## Task details
Print nothing but the lines from the start of the listing below through the line that contains "Top view of". Do not include the pictures.

## Data shown

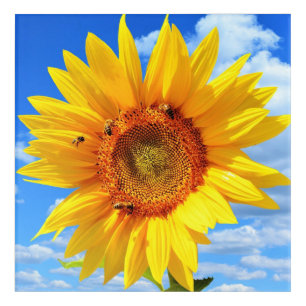 Yellow Sunflower and Bees on Blue Sky - Summer Day Acrylic Print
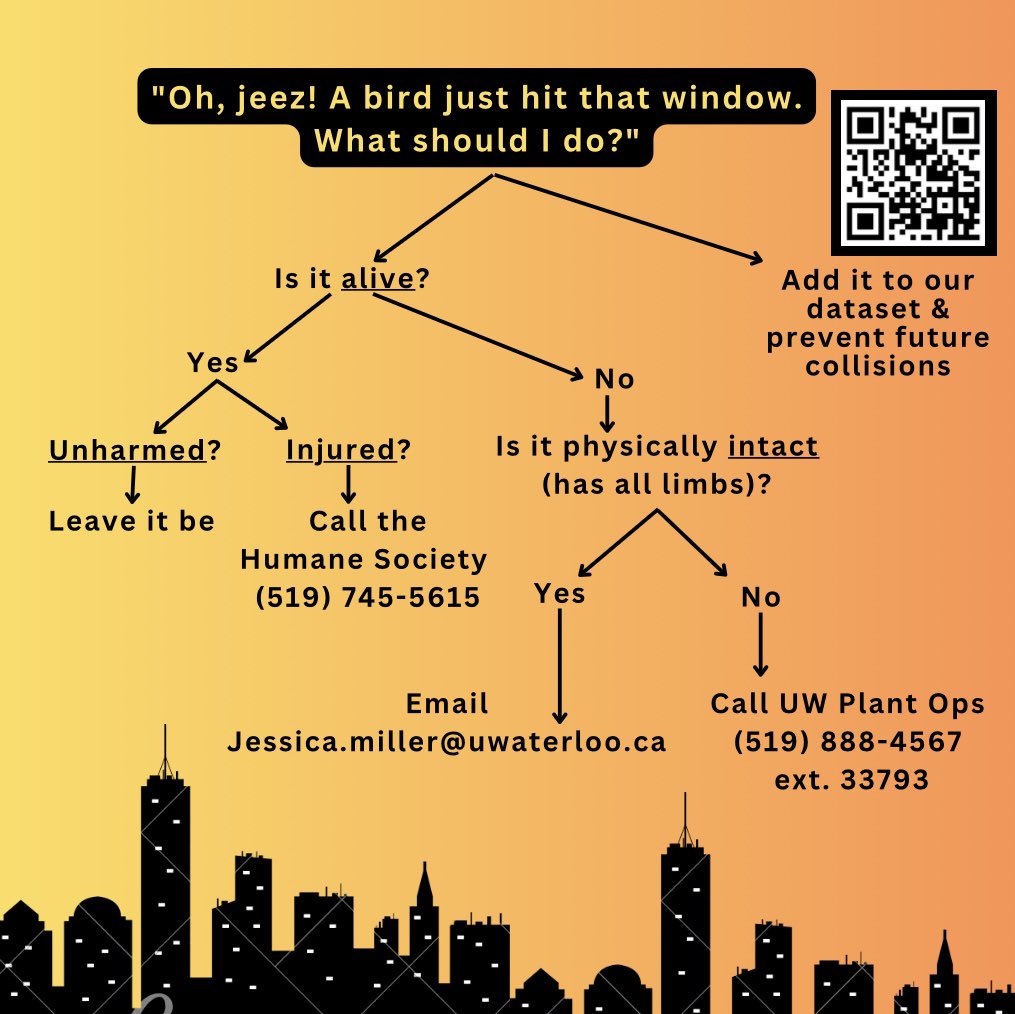 Have you seen a dead or injured bird on the University of Waterloo campus? Help us monitor bird collisions by following the steps on the chart below.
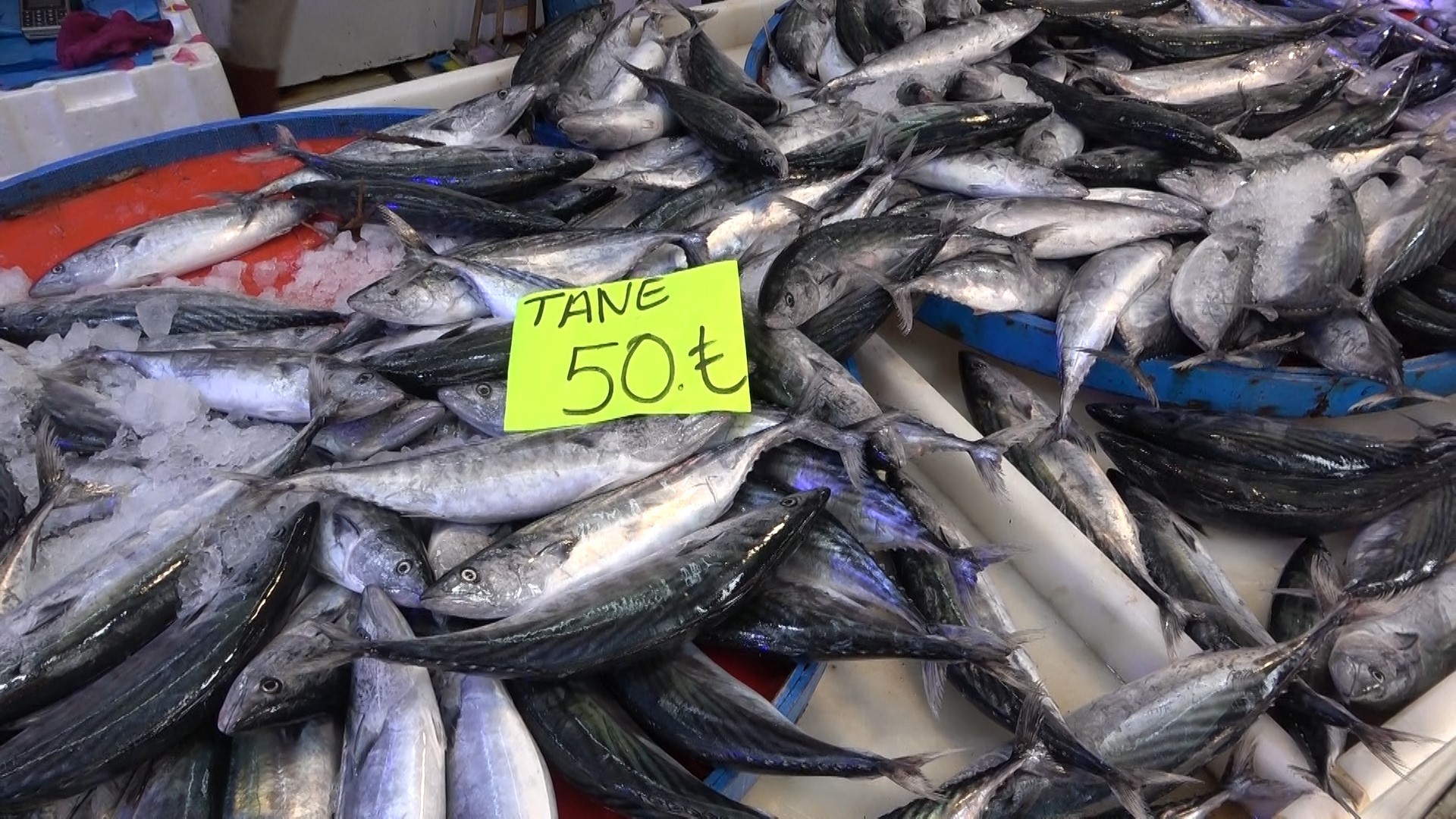 Hem balıkçıları hem vatandaşları sevindirecek! Bu sezonun kralı palamut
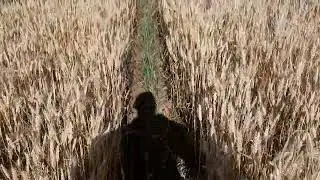 Пшеница перед уборкой! Как же за*бала эта культура! Гербицид плачет!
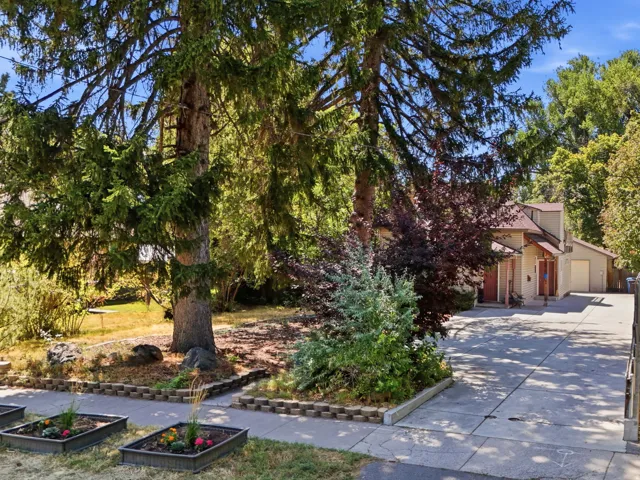 Paved driveway leading to an attached garage, bordered by mature trees and shrubs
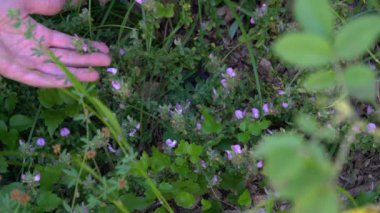 Spiny Restharrow in natural ambient (Ononis spinosa)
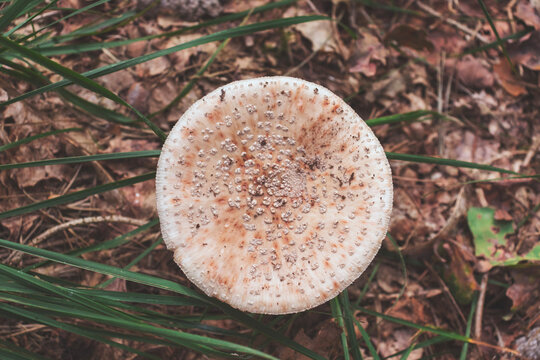 Top view of an old Amanita rubescens mushroom (a.k.a. European blusher). Edible mushroom after cooking. Copy space.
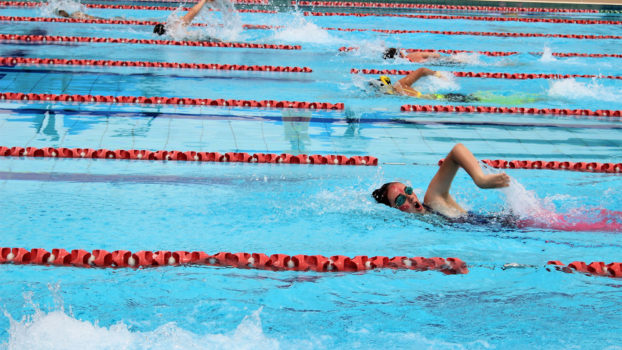 Secondary Swim Carnival 2019 Lwi 151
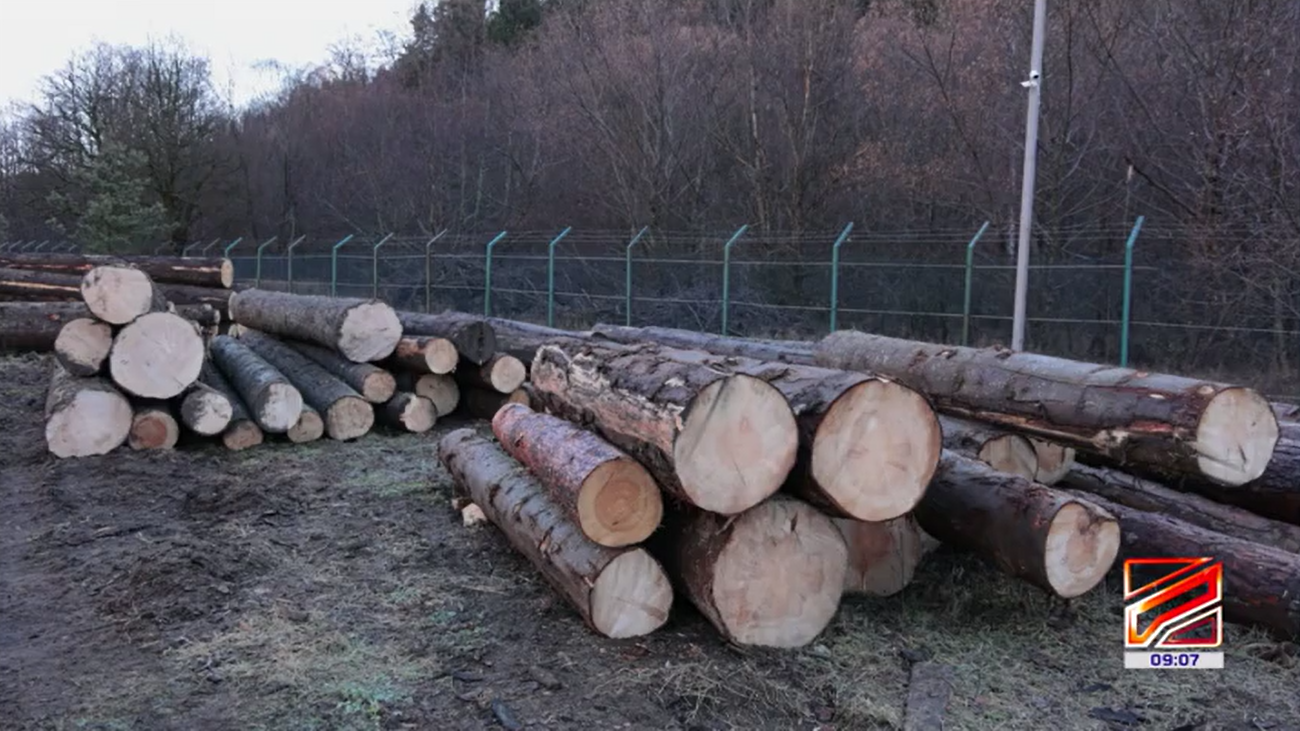 Employees of the forestry service detected two cases of legal violations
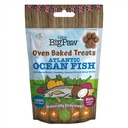 Little Big Paw - Biscuits au Poisson 130g - Carton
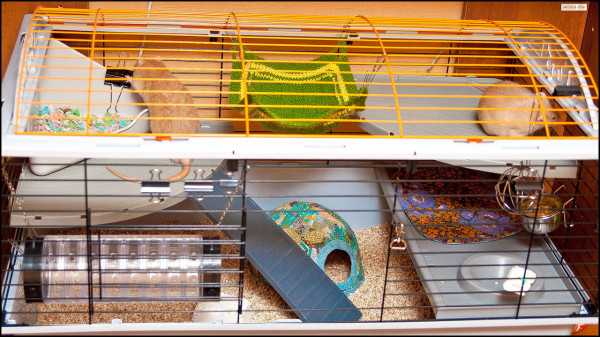 Игрушки для крыс: виды, советы по выбору и созданию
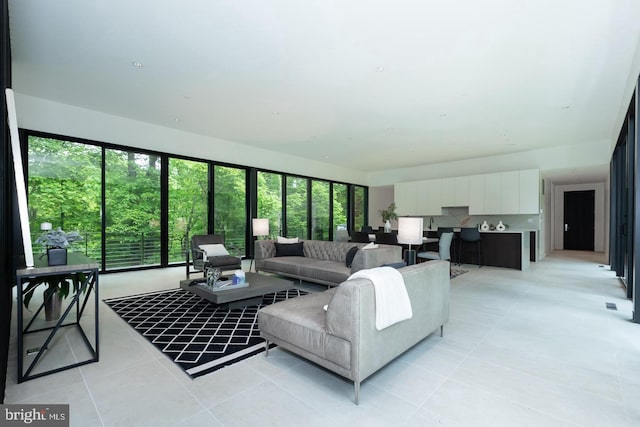 tiled living room featuring plenty of natural light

## Finished task
 Yellow Sunflower and Bees on Blue Sky - Summer Day Acrylic Print
 Have you seen a dead or injured bird on the University of Waterloo campus? Help us monitor bird collisions by following the steps on the chart below.
 Hem balıkçıları hem vatandaşları sevindirecek! Bu sezonun kralı palamut
 Пшеница перед уборкой! Как же за*бала эта культура! Гербицид плачет!
 Paved driveway leading to an attached garage, bordered by mature trees and shrubs
 Spiny Restharrow in natural ambient (Ononis spinosa)
 Top view of an old Amanita rubescens mushroom (a.k.a. European blusher). Edible mushroom after cooking. Copy space.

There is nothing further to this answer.